Rajab wrijft met beide handen over de jas van de Syrische leraar. „Ze raakten haar aan. Een van hen begon met zijn piemel te spelen.” De meisjes begonnen te schreeuwen en renden weg.
Familieleden, buren en iedereen die was afgekomen op het geschreeuw, grepen een Iraniër vast en sloegen hem in elkaar, zeggen de mannen. De Syrische leraar had hem buiten zien overgeven. Daarna liep de groep naar de blauwe verdieping om de tweede Iraniër uit zijn kamer te halen. Het COA zette de man in het kamertje naast de receptie. Twee politieagenten kwamen poolshoogte nemen. „Ze behandelden de zaak op een koele, theoretische manier”, zegt de Syrische leraar. „‘Wat zou jij doen als je haar moeder was’, zei de vader van het meisje tegen een COA-medewerkster.”

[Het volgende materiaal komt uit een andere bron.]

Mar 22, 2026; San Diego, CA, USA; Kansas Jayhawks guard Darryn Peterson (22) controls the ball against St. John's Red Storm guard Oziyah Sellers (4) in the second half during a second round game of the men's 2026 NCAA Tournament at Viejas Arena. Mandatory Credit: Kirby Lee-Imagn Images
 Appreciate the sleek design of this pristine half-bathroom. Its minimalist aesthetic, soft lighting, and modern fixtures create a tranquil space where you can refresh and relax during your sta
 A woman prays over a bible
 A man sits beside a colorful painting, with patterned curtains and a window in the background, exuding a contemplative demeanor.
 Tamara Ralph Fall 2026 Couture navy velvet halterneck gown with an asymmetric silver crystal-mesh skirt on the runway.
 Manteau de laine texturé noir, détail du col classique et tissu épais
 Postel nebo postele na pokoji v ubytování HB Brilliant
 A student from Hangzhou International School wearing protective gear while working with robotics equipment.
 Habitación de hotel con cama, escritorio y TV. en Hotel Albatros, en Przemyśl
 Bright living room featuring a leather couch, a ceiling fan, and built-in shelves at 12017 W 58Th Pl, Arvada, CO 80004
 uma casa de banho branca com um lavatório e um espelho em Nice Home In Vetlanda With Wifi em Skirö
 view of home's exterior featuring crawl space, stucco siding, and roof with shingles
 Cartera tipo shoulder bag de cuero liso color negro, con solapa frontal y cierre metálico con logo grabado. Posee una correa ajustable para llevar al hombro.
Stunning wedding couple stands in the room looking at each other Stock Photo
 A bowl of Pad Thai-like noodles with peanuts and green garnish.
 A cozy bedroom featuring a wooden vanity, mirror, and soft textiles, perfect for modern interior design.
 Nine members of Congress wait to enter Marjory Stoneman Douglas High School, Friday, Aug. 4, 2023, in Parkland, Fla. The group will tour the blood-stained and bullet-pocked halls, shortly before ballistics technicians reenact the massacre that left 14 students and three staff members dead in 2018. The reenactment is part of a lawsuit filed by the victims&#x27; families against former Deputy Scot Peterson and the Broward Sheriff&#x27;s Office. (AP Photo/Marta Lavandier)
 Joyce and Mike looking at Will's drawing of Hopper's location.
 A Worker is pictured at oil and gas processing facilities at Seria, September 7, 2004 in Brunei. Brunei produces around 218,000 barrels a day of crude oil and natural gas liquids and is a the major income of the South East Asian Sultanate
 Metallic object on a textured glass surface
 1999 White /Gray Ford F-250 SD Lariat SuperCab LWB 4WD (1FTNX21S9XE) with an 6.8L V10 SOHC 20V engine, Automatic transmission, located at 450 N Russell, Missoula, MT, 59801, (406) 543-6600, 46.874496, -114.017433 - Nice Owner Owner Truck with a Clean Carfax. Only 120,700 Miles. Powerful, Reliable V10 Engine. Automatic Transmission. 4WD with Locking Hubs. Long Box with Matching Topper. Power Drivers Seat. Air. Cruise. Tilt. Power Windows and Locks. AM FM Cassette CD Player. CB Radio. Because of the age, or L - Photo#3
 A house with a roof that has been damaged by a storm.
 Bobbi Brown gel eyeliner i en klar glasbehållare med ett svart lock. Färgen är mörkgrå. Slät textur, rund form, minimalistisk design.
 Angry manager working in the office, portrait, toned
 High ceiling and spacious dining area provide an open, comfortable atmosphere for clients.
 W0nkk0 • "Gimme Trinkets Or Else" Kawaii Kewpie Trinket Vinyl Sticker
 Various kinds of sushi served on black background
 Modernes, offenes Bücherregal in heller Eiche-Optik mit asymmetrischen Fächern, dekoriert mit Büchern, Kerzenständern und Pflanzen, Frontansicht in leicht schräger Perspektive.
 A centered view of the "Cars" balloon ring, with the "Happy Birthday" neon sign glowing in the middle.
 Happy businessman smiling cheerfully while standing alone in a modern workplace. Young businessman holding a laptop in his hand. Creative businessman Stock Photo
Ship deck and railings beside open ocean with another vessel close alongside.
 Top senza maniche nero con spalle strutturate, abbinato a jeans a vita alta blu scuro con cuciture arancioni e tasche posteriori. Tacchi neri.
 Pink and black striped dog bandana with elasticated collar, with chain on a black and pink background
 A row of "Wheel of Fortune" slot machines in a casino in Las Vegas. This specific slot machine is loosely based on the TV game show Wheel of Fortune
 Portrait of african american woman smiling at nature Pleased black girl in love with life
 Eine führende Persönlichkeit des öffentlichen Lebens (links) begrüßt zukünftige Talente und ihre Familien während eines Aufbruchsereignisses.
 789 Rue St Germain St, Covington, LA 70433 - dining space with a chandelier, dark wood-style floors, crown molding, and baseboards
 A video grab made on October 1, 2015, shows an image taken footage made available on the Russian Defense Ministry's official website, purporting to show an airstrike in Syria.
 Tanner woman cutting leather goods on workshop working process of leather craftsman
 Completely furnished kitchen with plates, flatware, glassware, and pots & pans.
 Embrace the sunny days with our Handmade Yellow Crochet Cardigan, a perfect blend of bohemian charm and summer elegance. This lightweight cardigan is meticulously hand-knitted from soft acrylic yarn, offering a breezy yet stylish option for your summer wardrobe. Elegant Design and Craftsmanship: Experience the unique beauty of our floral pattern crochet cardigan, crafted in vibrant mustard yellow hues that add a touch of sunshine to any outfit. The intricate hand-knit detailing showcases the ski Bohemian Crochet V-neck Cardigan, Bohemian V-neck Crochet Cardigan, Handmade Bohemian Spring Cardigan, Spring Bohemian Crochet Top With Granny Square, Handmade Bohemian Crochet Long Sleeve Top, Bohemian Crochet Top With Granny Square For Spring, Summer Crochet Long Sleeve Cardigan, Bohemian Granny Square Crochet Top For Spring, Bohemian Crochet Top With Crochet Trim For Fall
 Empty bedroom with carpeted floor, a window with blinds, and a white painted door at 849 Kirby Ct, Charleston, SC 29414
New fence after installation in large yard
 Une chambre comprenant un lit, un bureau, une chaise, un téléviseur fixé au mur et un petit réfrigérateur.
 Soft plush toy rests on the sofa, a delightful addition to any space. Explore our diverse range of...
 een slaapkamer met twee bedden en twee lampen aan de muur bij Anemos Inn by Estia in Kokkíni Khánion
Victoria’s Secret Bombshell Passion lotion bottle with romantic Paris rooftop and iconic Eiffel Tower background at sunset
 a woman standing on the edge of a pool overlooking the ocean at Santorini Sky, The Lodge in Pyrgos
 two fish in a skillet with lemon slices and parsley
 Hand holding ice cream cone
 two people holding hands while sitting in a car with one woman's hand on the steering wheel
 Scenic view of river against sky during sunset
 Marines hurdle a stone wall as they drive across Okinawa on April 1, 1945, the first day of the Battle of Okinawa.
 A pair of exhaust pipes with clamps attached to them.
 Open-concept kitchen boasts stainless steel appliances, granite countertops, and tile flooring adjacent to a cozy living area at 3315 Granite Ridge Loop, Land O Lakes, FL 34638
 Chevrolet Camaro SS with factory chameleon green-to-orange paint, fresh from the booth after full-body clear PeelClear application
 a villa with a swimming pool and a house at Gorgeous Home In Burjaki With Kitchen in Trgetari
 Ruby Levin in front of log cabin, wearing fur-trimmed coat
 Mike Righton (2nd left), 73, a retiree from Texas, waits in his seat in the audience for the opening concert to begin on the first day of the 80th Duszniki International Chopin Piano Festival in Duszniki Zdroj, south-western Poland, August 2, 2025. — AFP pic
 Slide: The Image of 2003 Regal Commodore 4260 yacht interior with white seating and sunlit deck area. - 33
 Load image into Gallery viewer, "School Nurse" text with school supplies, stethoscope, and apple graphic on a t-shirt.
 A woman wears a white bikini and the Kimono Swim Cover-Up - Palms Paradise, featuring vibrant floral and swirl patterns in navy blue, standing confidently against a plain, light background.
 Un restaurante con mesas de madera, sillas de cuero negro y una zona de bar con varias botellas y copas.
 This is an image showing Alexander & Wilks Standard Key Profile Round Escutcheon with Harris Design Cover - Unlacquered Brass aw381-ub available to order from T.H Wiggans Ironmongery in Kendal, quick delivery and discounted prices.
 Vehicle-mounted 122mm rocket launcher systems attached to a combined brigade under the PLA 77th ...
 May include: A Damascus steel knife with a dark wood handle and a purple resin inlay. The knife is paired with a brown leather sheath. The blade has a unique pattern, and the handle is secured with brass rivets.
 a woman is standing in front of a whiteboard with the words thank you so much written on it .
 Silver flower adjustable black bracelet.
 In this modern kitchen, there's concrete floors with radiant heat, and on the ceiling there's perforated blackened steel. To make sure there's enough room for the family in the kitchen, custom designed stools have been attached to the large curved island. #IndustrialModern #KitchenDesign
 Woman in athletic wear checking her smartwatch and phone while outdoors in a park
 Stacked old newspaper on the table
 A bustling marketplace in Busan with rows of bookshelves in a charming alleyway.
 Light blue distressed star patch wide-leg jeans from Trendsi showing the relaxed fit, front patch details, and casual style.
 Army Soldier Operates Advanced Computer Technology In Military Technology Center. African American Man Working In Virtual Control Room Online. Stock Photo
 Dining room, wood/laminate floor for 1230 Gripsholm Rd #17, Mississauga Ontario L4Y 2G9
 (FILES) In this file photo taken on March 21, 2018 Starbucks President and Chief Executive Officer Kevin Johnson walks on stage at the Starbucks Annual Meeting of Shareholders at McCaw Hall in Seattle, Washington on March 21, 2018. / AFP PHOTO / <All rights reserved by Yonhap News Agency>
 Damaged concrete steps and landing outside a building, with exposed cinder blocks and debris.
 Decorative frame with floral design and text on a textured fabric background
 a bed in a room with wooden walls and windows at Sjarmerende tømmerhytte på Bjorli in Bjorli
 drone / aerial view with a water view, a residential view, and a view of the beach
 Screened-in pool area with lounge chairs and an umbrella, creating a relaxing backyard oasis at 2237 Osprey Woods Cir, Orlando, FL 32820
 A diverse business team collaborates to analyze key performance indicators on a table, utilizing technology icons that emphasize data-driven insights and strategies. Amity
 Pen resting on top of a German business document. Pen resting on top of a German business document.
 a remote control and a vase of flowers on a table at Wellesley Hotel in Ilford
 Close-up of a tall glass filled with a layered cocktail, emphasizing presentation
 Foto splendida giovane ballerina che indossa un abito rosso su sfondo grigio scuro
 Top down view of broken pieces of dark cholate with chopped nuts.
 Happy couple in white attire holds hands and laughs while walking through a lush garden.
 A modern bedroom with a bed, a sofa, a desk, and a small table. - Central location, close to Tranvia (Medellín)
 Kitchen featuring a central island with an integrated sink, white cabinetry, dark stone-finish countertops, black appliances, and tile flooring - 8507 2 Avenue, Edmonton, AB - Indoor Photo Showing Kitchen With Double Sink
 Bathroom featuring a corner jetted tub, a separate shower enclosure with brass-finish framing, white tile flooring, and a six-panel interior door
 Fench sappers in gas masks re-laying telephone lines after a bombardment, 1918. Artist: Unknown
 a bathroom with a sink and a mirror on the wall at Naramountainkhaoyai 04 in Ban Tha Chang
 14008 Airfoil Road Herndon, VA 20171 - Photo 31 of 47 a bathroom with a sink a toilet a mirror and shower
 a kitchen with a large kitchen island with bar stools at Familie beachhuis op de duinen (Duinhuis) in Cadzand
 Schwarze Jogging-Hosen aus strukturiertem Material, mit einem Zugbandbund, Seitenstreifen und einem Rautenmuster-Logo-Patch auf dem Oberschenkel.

De volgende dag werd de familie van het meisje overgeplaatst. De Iraniërs zijn er volgens de Syriërs nog. „Syriërs ontwikkelen hier een hekel aan Iraniërs’’, zegt de leraar. Zou dat de reden kunnen zijn voor de eigenrichting, vraag ik. Hij schudt zijn hoofd. „Een dag later greep een Afghaan een jonge Syrische vrouw van achteren, toen ze voorover boog.” De stemming verslechtert, concludeert hij.
Ook de tweede avond kwam en ging de politie weer. De woordvoerder van de politie Midden-Nederland bevestigt dat de politie in de noodopvang is geweest vanwege de aanrandingen. Waarom hebben ze er dan geen zaak van gemaakt? „Er is geen aangifte gedaan”, zegt hij.